YOUR INSTRUCTIONS: Could you give the data below again exactly, apart from the pictures?

GIVEN DATA:
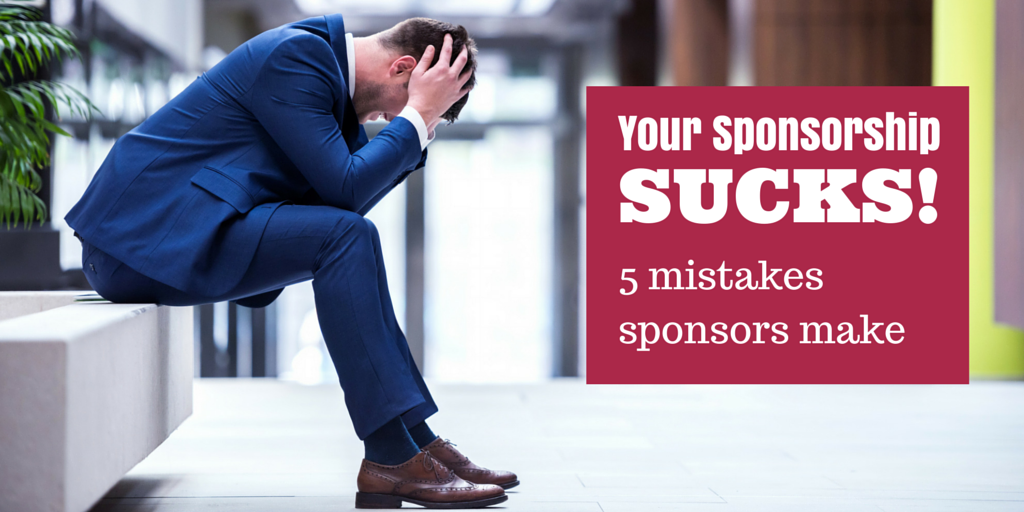 Your sponsorship sucks!-2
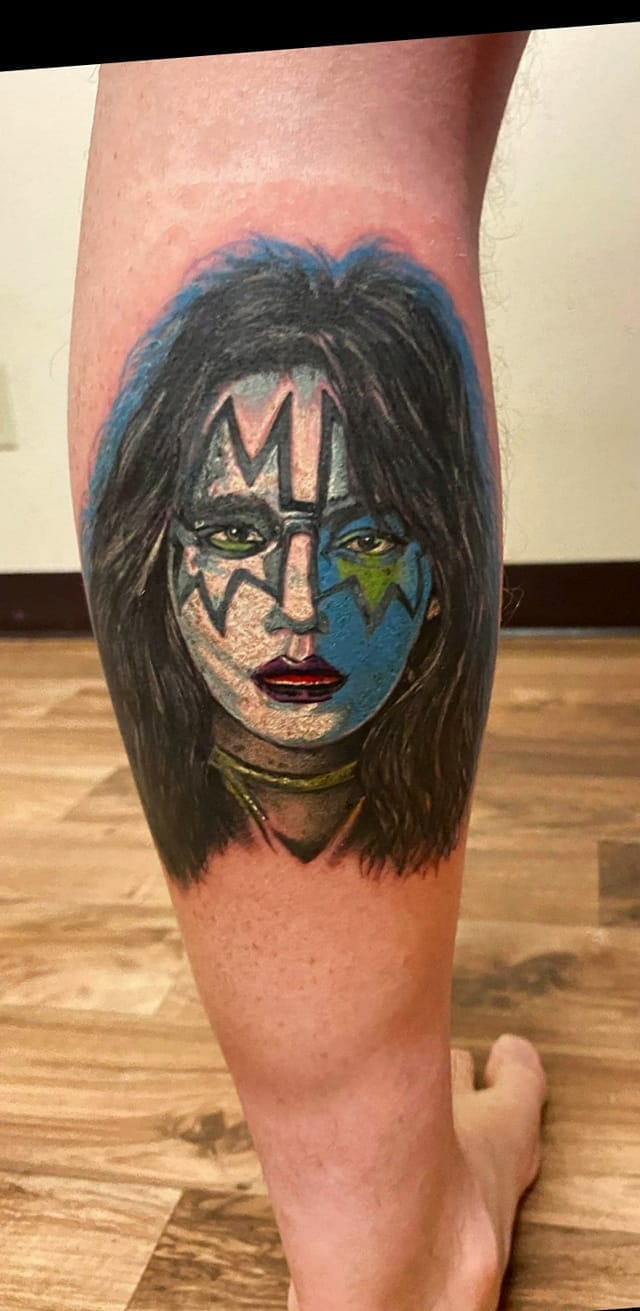 Unique And Wonderful Tattoo Shops in Oregon That Are A Class Apart! - Psycho Tats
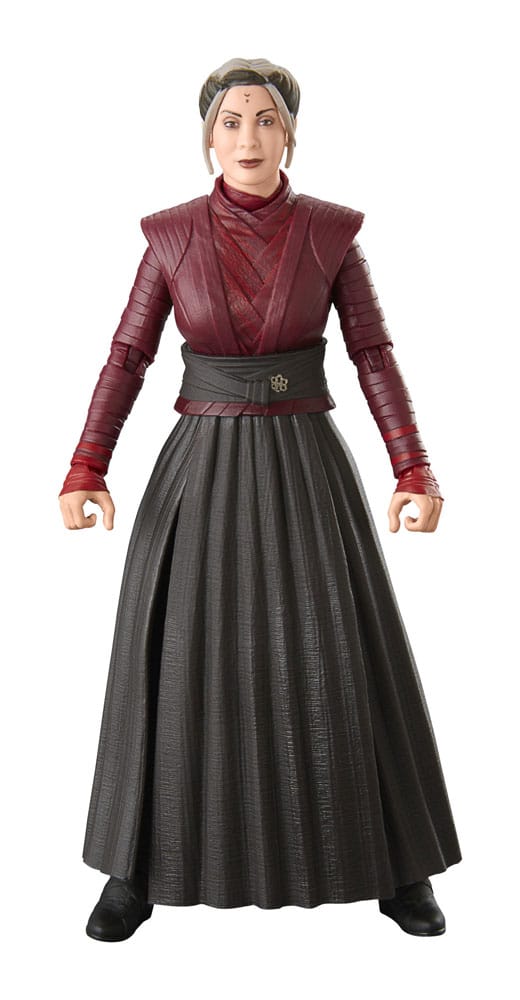 Star Wars: Ahsoka Black Series Actionfigur Morgan Elsbeth 15 cm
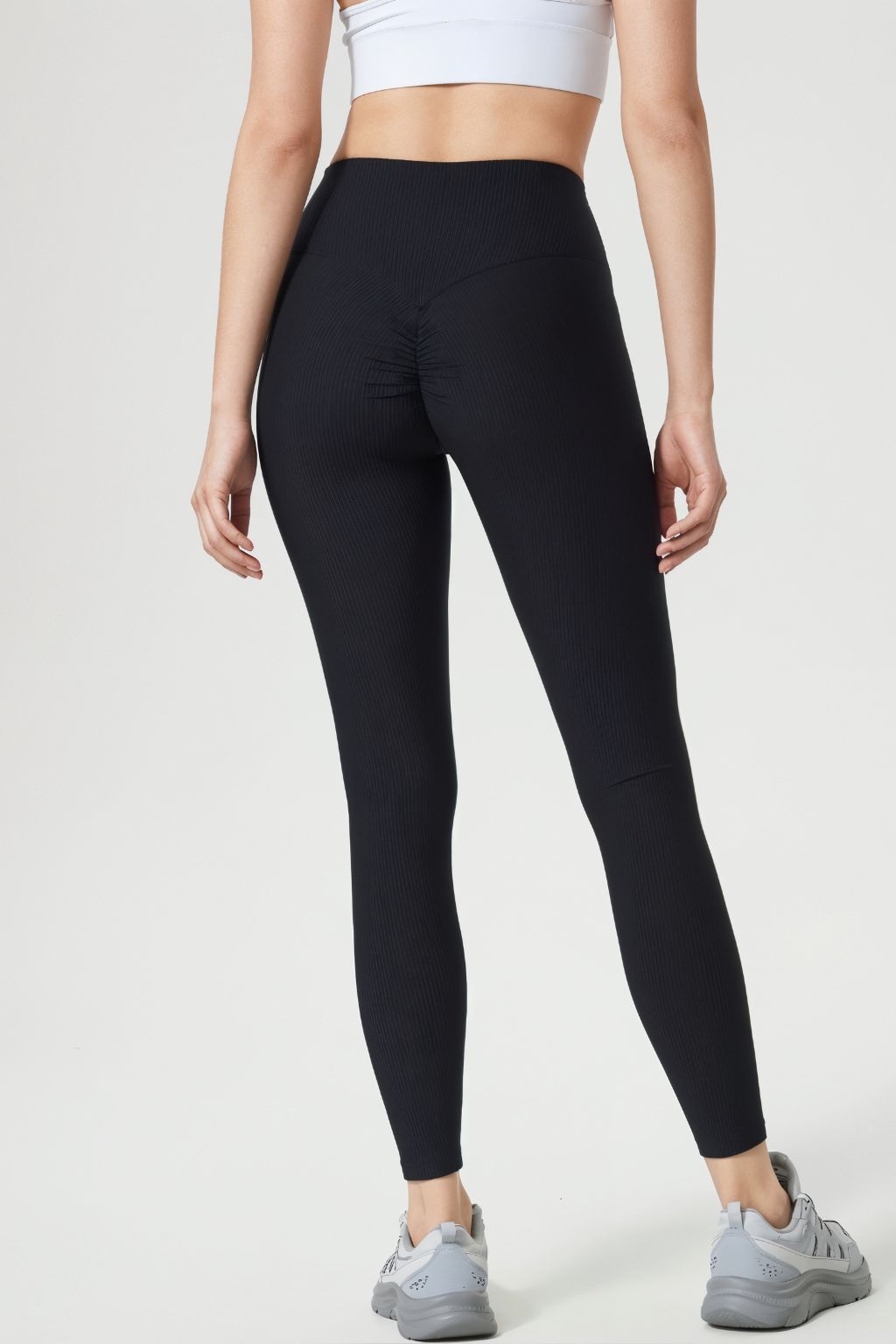 Estelle High Waist Leggings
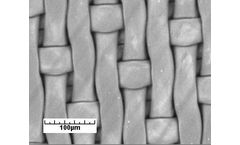 JOMESA - Closed Mesh Filter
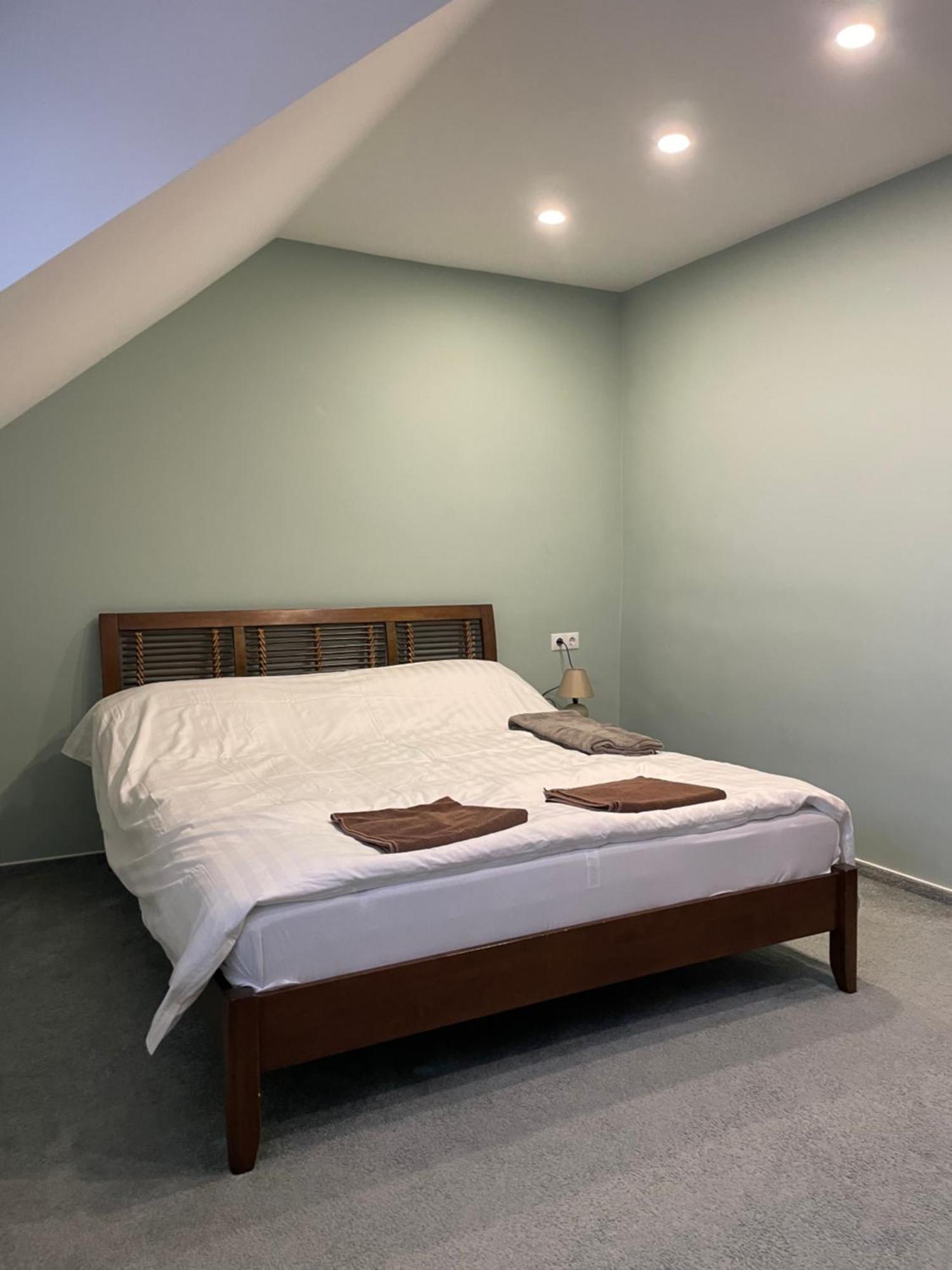 Szoegedi Villa 包道乔尼托毛伊 外观 照片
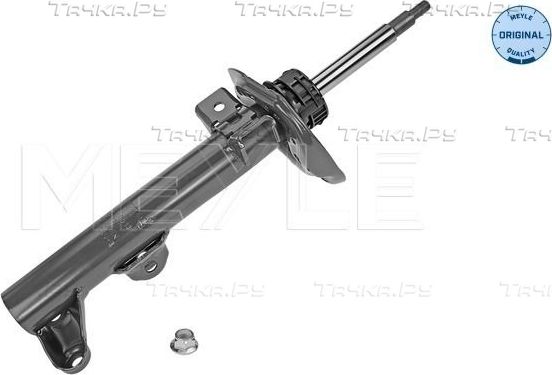 Амортизатор Meyle Original. Артикул 026 623 0013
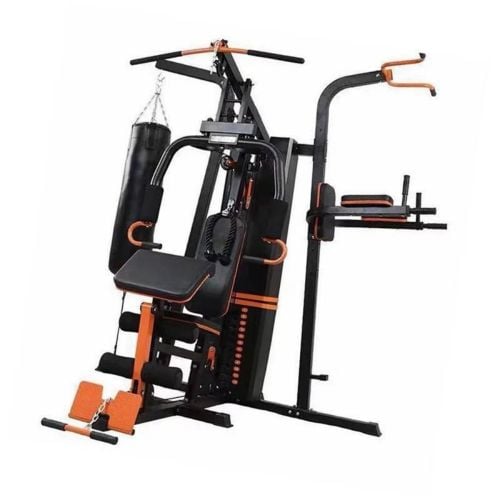 Multifunctional Home Gym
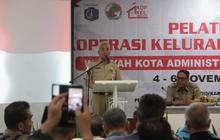 Tahukah Anda? 130 Pengurus Ikuti Pelatihan Koperasi Kelurahan Merah Putih di Jakarta Selatan
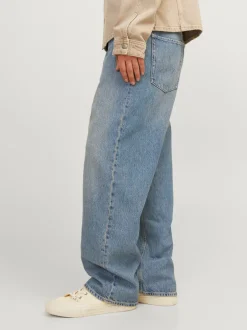 Jack&Jones Alex Original Jeans, , W32/L34 Blue Denim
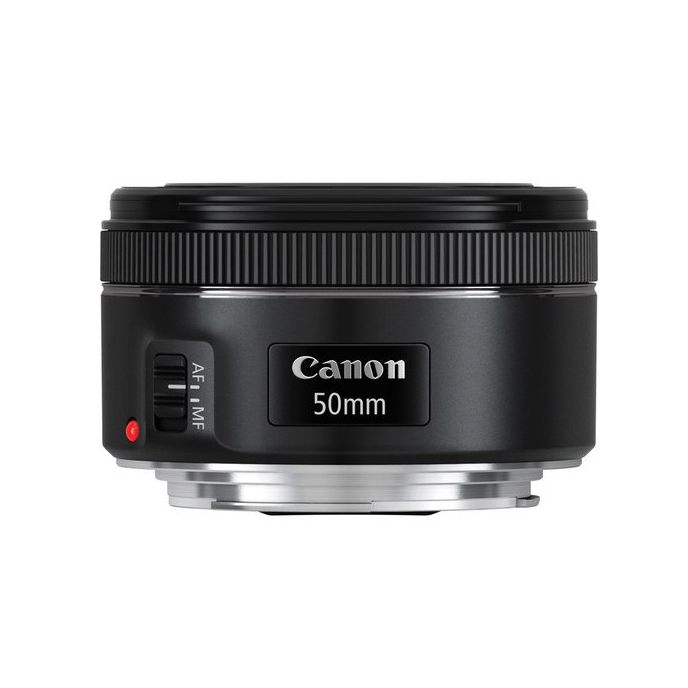 Canon Lens 50 mm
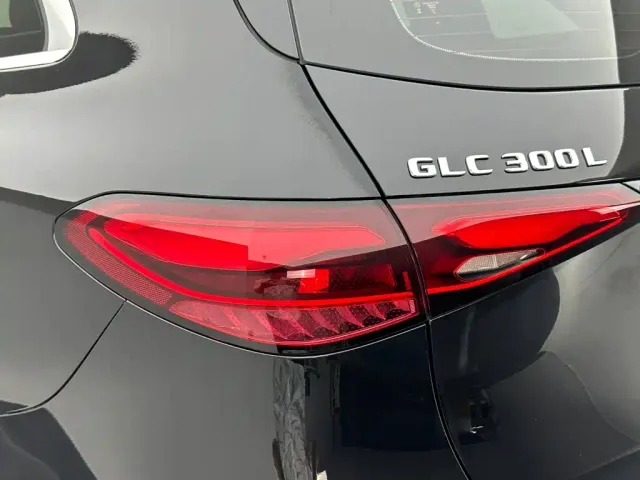Mercedes-Benz GLC-Class — Фото автомобиля 23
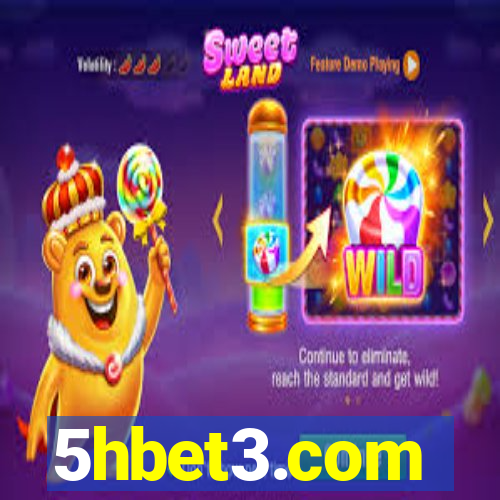 5hbet3.com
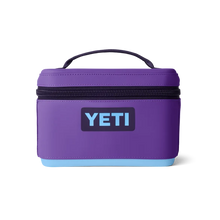 Load image into Gallery viewer, YETI "Daytrip" 3L Insulated Snack Box”

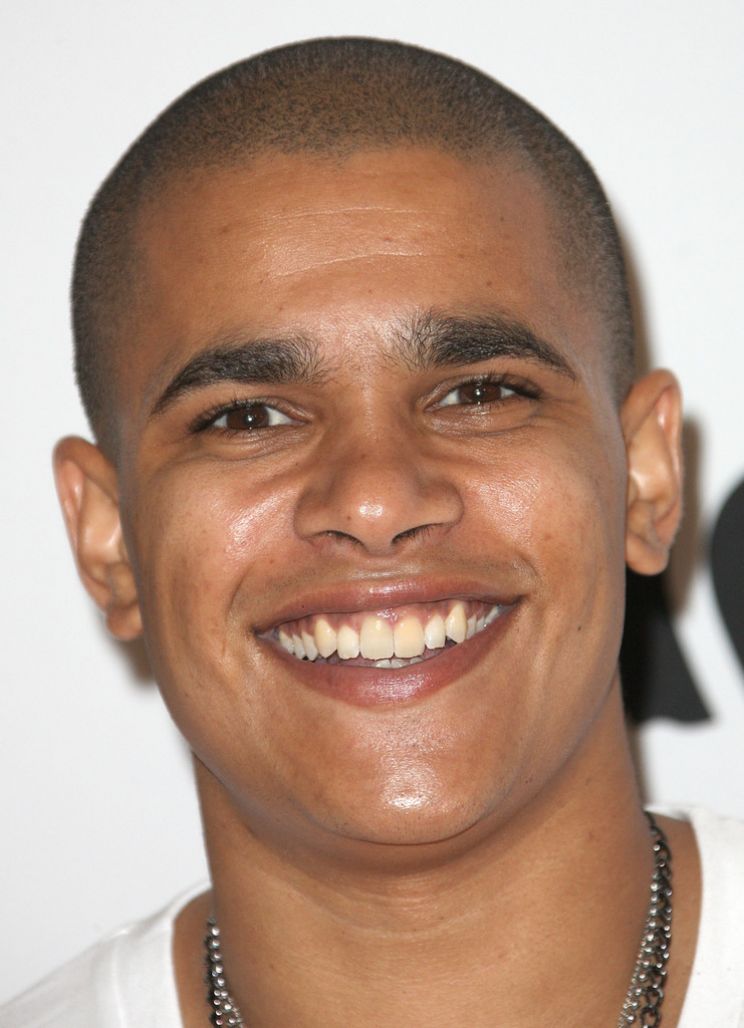Jonathan 'Lil J' McDaniel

RESPONSE:
 Your sponsorship sucks!-2
 Unique And Wonderful Tattoo Shops in Oregon That Are A Class Apart! - Psycho Tats
 Star Wars: Ahsoka Black Series Actionfigur Morgan Elsbeth 15 cm
 Estelle High Waist Leggings
 JOMESA - Closed Mesh Filter
 Szoegedi Villa 包道乔尼托毛伊 外观 照片
 Амортизатор Meyle Original. Артикул 026 623 0013
 Multifunctional Home Gym
 Tahukah Anda? 130 Pengurus Ikuti Pelatihan Koperasi Kelurahan Merah Putih di Jakarta Selatan
 Jack&Jones Alex Original Jeans, , W32/L34 Blue Denim
 Canon Lens 50 mm
Mercedes-Benz GLC-Class — Фото автомобиля 23
 5hbet3.com
 Load image into Gallery viewer, YETI "Daytrip" 3L Insulated Snack Box”

Jonathan 'Lil J' McDaniel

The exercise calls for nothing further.